Abandoning The Search
How often I have heard from some young person, full of zest and wonder, yearning for the world, an unmistakable enthusiasm in their eyes, the innocent and timeless words "I'm searching for my self." And I seeing something, perhaps a reflection of my former self cannot help but smile and sigh.
Of course, having known exactly how it felt to have once upon a time been young and full of zest and wonder, yearning for the world with that unmistakable light shining in my eyes. But I, I have learned that a person can run around the world 10 times over in search of something that all along rested in the palms of his or her hands.
You see, we have been told, taught to believe, that somewhere out there a higher self, the best version of ourselves, waits to be found and that we will encounter it, most likely in some discrete place, often in nature, a far away mountain top, a secret waterfall or perhaps within the walls of some old cemetery or derelict building graffitied in words of peace and harmony. So hastily, enthusiastically, we go searching for it.
But it is not. There is not such a self, or place, or some natural sanctuary where it awaits our arrival. And as pretty or nice as it sounds, there simply is not. And despite how much I do love mountain tops and secret waterfalls and derelict tattooed abandoned buildings, these places are much more conducive for losing one's self than pursuing this thing that one already knows intimately and holds in the palms of his or her hands.

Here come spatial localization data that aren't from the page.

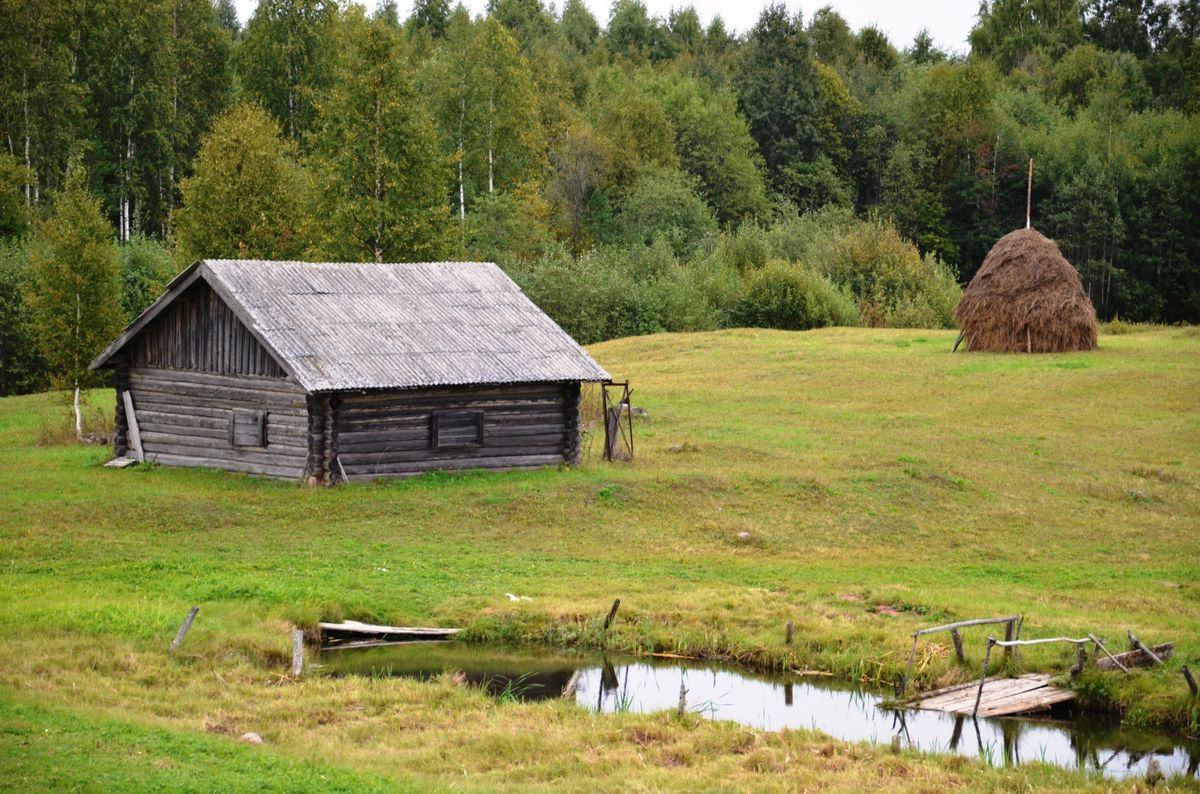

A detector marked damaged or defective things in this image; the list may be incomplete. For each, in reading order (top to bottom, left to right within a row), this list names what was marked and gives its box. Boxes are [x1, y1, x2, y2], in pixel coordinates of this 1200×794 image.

broken wooden stake [169, 609, 199, 652]
broken wooden stake [604, 599, 624, 633]
broken wooden stake [1123, 633, 1161, 666]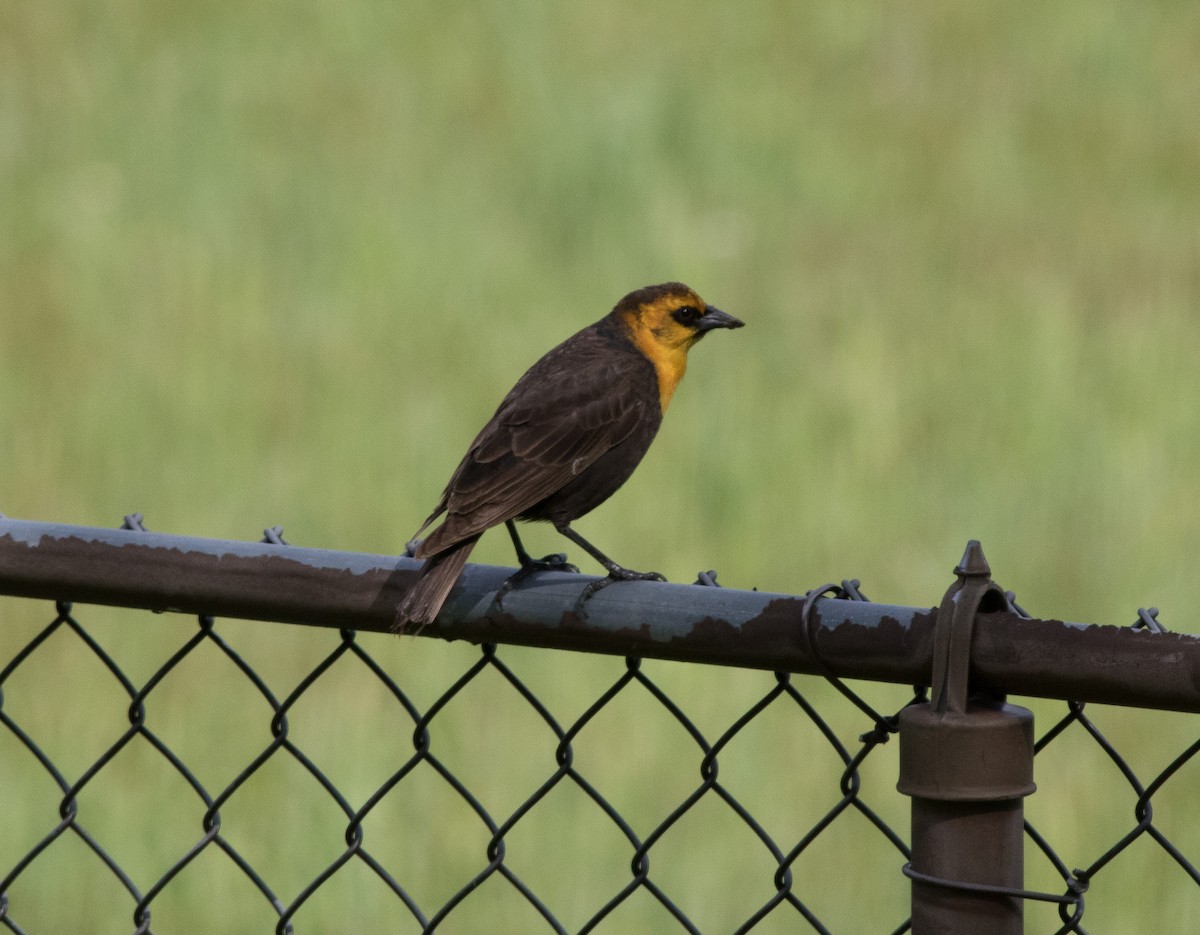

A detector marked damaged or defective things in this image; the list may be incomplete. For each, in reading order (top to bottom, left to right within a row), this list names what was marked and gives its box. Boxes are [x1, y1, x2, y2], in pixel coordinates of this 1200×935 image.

rusty metal [7, 516, 1200, 712]
rusty metal [900, 540, 1040, 935]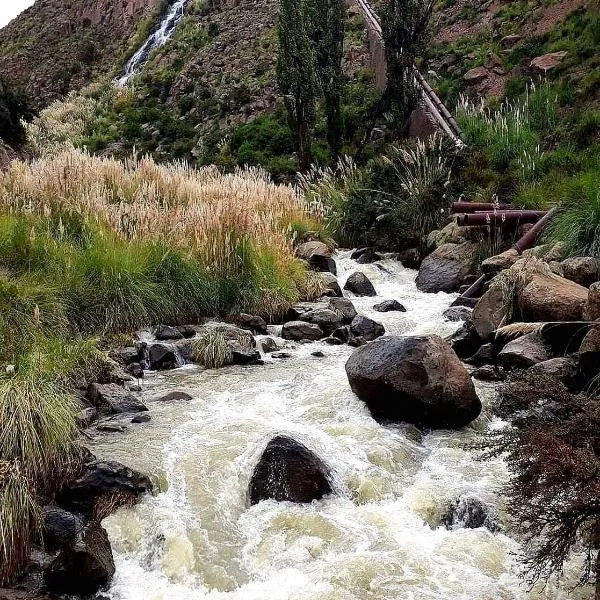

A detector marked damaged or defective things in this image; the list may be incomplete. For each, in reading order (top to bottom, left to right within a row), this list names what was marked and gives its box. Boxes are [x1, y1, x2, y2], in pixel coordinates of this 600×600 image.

rusty metal pipe [458, 212, 548, 229]
rusty metal pipe [512, 207, 560, 254]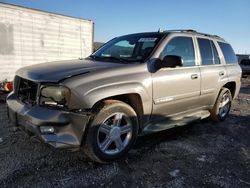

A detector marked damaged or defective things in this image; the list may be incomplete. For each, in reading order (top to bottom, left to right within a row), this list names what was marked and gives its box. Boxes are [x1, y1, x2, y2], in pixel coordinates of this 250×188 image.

dented hood [15, 58, 122, 82]
broken headlight [39, 85, 70, 108]
damaged front bumper [6, 93, 91, 150]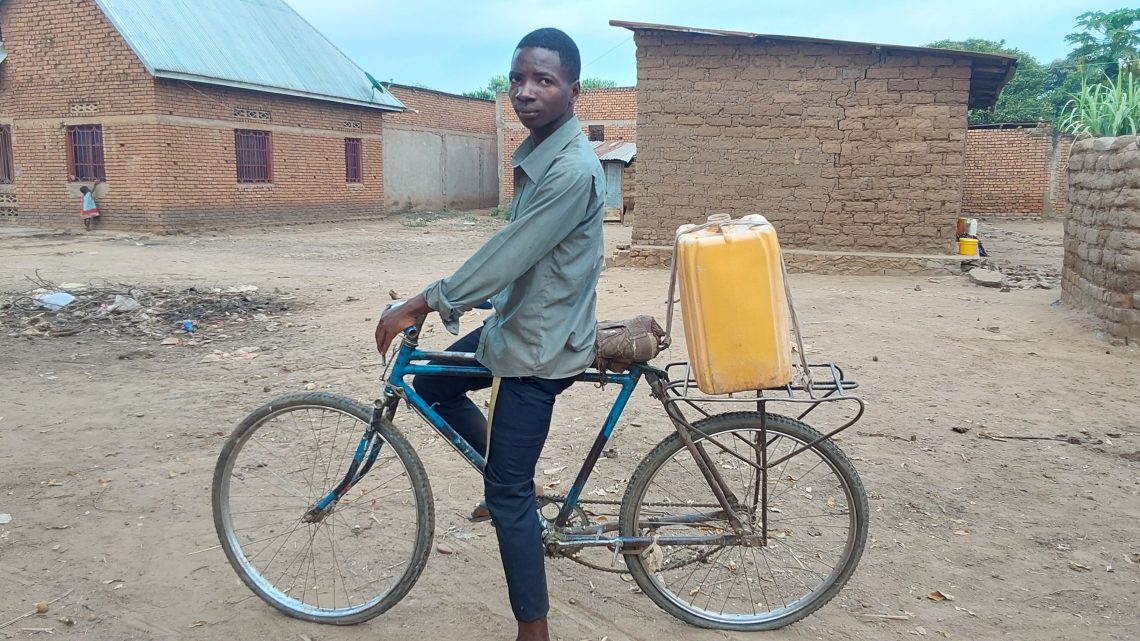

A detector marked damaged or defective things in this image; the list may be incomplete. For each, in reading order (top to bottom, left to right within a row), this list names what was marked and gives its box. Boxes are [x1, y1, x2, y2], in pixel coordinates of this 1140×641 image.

rusty metal roof [93, 0, 405, 111]
rusty metal roof [611, 19, 1021, 109]
rusty metal roof [592, 140, 638, 164]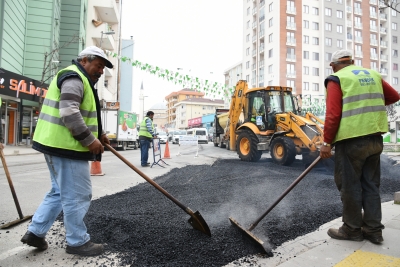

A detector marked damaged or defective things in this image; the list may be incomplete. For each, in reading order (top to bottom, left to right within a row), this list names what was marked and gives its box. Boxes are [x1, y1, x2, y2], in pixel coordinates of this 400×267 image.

fresh asphalt patch [60, 154, 400, 266]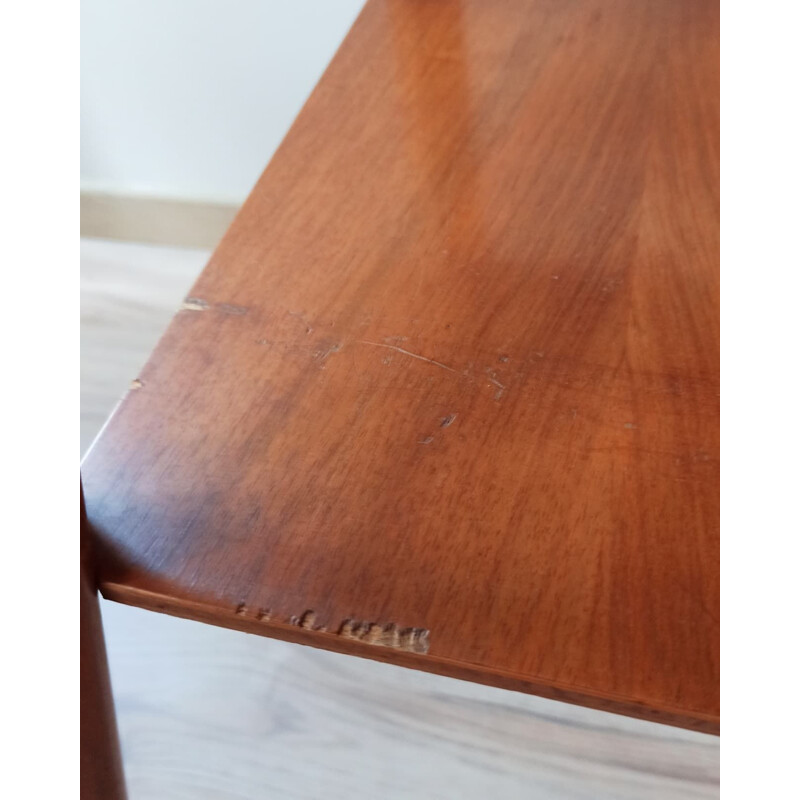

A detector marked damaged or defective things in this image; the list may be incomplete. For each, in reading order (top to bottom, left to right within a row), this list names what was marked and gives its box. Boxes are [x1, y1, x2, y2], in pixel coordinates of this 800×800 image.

damaged wood edge [97, 580, 720, 736]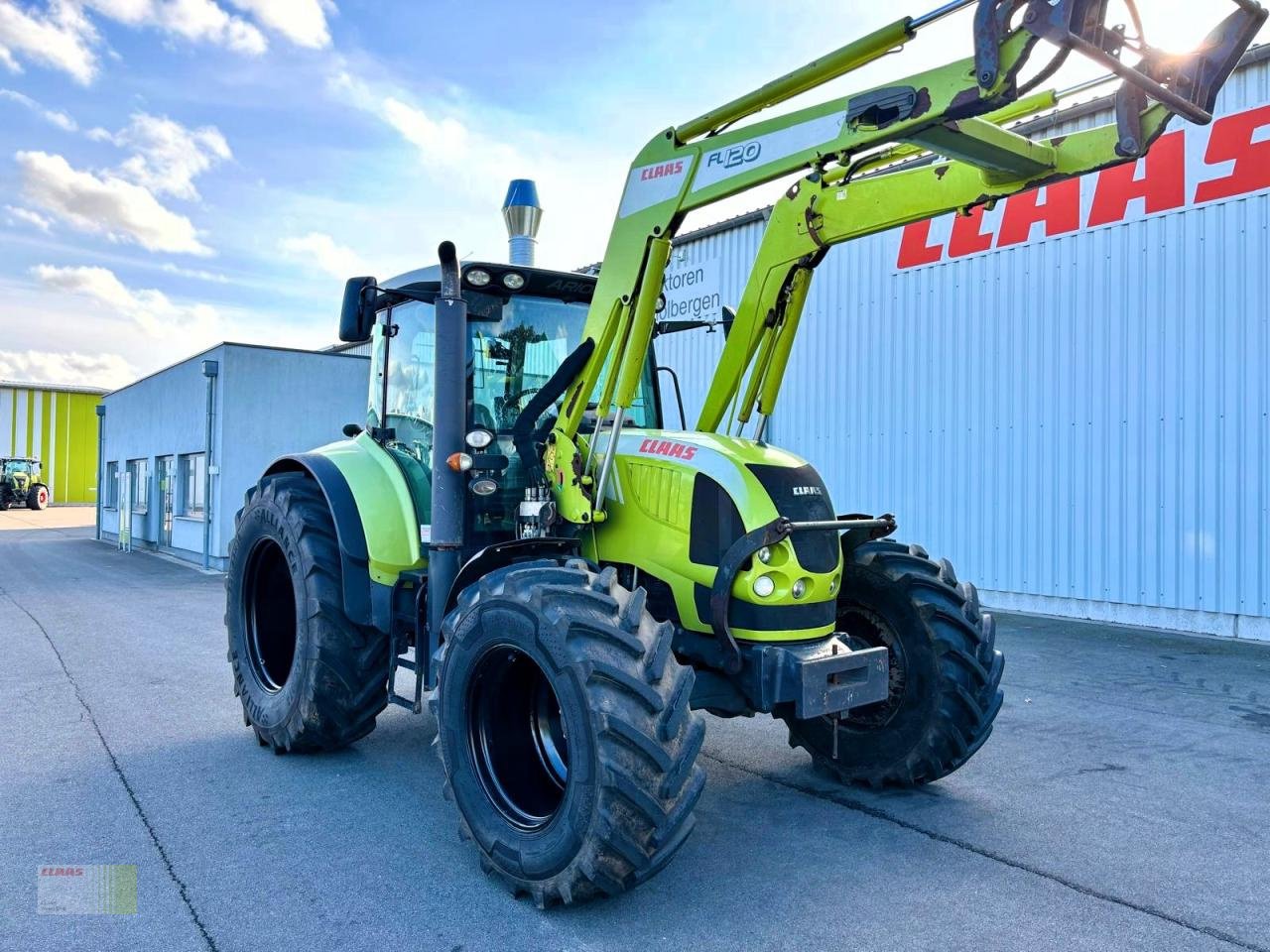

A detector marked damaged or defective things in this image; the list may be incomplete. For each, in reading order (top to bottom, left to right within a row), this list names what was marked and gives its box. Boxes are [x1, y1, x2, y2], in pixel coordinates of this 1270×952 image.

pavement crack [2, 588, 219, 952]
pavement crack [705, 751, 1270, 952]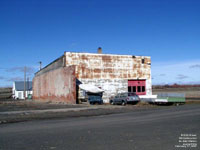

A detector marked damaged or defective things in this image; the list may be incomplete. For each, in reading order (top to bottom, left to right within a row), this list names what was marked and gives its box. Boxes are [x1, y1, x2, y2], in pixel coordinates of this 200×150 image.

peeling paint wall [32, 66, 76, 103]
peeling paint wall [65, 52, 151, 102]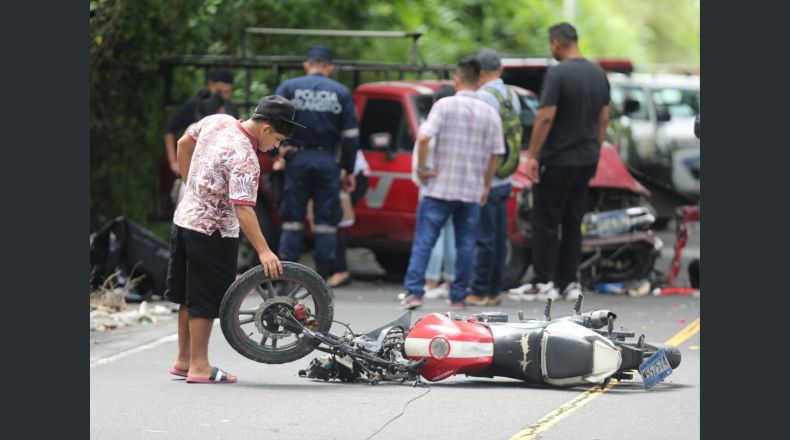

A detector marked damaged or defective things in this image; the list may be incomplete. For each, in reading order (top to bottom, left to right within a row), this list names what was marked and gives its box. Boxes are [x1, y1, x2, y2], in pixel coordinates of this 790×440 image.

detached motorcycle wheel [220, 262, 334, 364]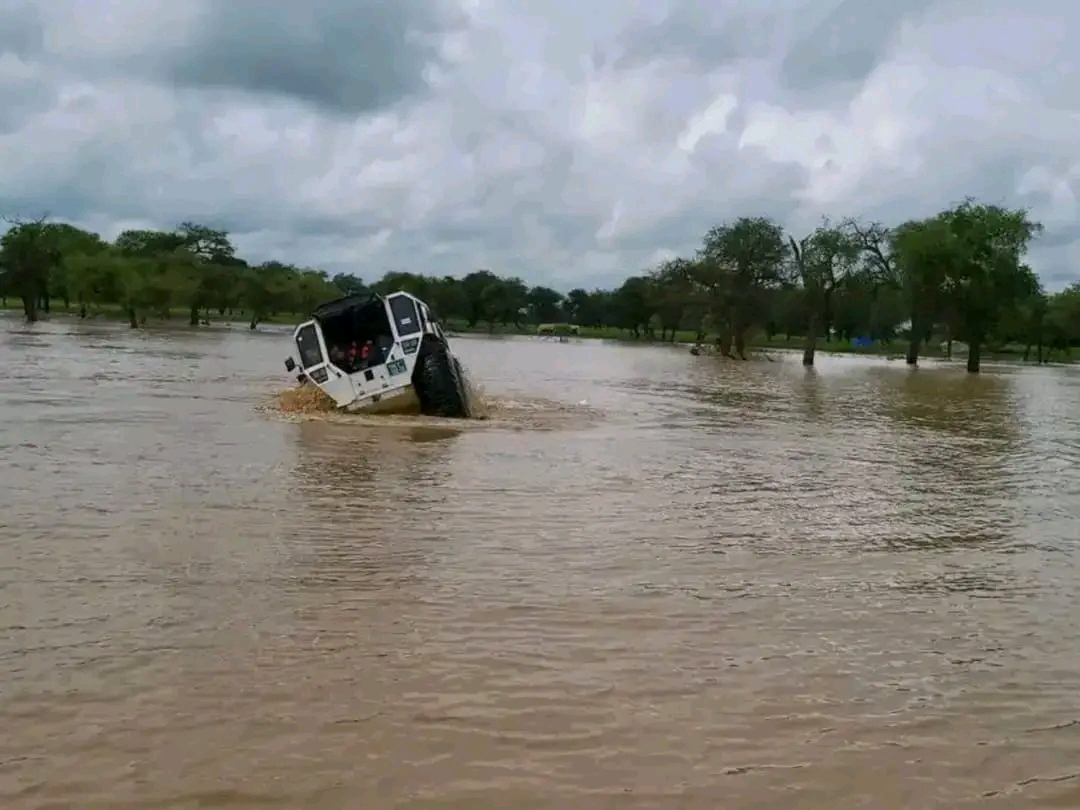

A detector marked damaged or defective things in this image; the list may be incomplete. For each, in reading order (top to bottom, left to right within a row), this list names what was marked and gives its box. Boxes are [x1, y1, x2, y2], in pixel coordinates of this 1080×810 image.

overturned white vehicle [282, 290, 472, 416]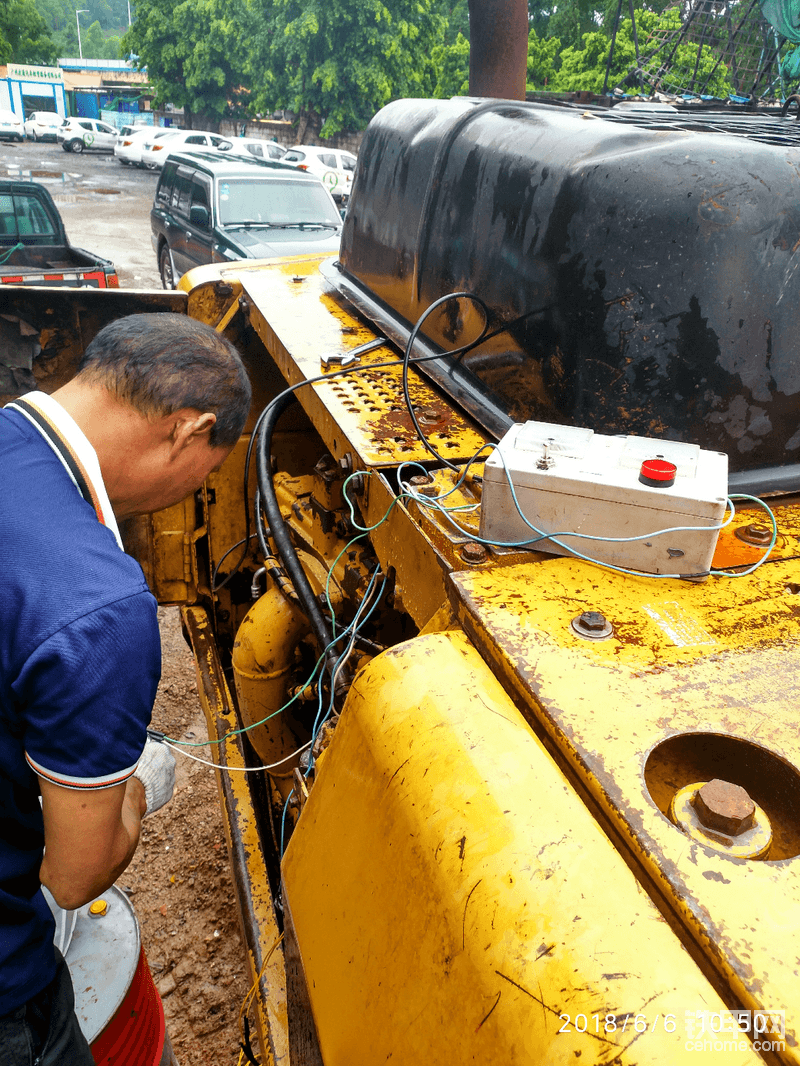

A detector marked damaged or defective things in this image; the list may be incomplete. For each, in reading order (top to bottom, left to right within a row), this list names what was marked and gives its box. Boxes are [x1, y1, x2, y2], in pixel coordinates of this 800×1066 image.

rusty bolt [462, 541, 488, 567]
rusty bolt [738, 520, 772, 545]
rusty metal surface [452, 541, 800, 1057]
rusty bolt [695, 780, 759, 835]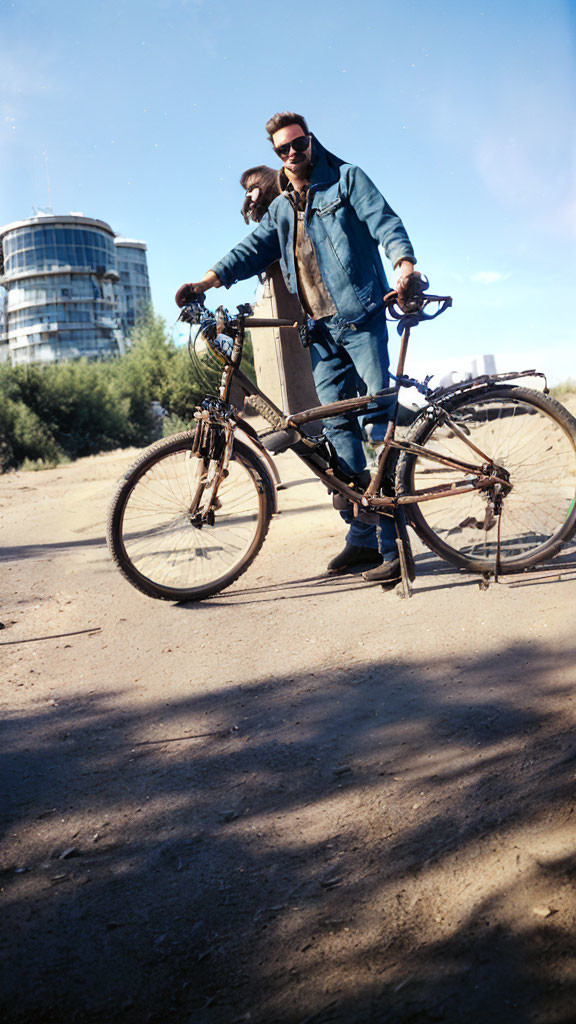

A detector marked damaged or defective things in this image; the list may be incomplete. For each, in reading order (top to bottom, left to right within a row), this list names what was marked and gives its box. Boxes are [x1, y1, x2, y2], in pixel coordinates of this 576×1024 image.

rusty bicycle frame [182, 294, 544, 600]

So I, I have abandoned the search having learned there is another space. A space where one loses sense of time and place, where one forgets everything all together. Because yes, yes, I have been there and perhaps you have too.
So I have decided to go there as often as able, that empty space somewhere between the white blank page and the end of my pen. Where imagination and creation have a chance to blend. And I, I lost, forget myself and everything I am or have ever pretended to be. Knowing now that I do not need to run anywhere but here.